As his friend moved to the fallen mage calling his name, Sebastian looked to all those eyes appearing stunned by his demonstration and said, “Learn the night and light spells and master them. The emperor’s warlocks and wizard hunters won’t just put you to sleep if they catch you unprepared.”

He stepped away towards Mecklin to retrieve his sword and the older mage shook his head. “You made him look stupid and weak. Jeriah is a pretty good battle mage.”
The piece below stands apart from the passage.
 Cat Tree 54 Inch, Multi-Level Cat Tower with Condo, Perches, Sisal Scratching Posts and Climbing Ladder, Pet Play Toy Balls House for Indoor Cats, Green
“I assume everyone here is good. Without knowledge of the new spells, they might as well be cadets waiting to get picked apart,” the owl replied as he strapped the sword to his hip. “You know as well as I do that the emperor’s wizard hunters are much tougher than the average orc. A short battle might go to someone using reflex, but it wears off. An orc in that special armor might beat a battle mage without using anything other than his blade.”
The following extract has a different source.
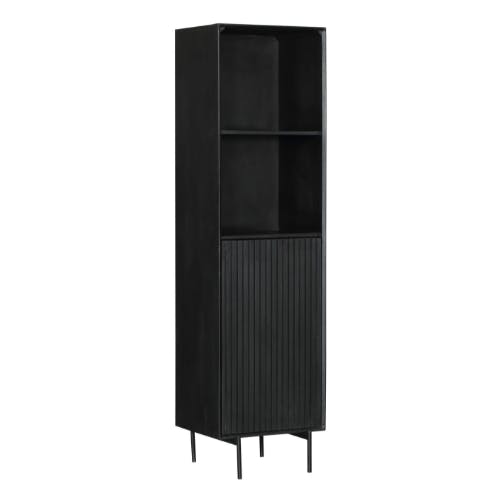 Colonne salon bois noir 1 porte rainurée CORTINA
The other man sighed. “You’re probably right. We’ve tried to instill the need to learn. Everyone’s eager if only because they want to learn new magic, but seeing how easily you beat him might get it through their heads.

“By the way, weren’t those new spells you slipped in there?”

He nodded. “New words for the wind spell and I was feeling unusually energetic so I tried the barrage of more fireballs.”

Mecklin glanced to Ashleen curiously and the question on his mind was quickly answered by Bas, “Nothing like that. I did manage a stronger spell than I thought I could yesterday to heal her though. I drew the power and feel of the earth up through five floors of inn to energize her aura. She wasn’t recuperating from our time at the forge yesterday, so I helped her with a spell.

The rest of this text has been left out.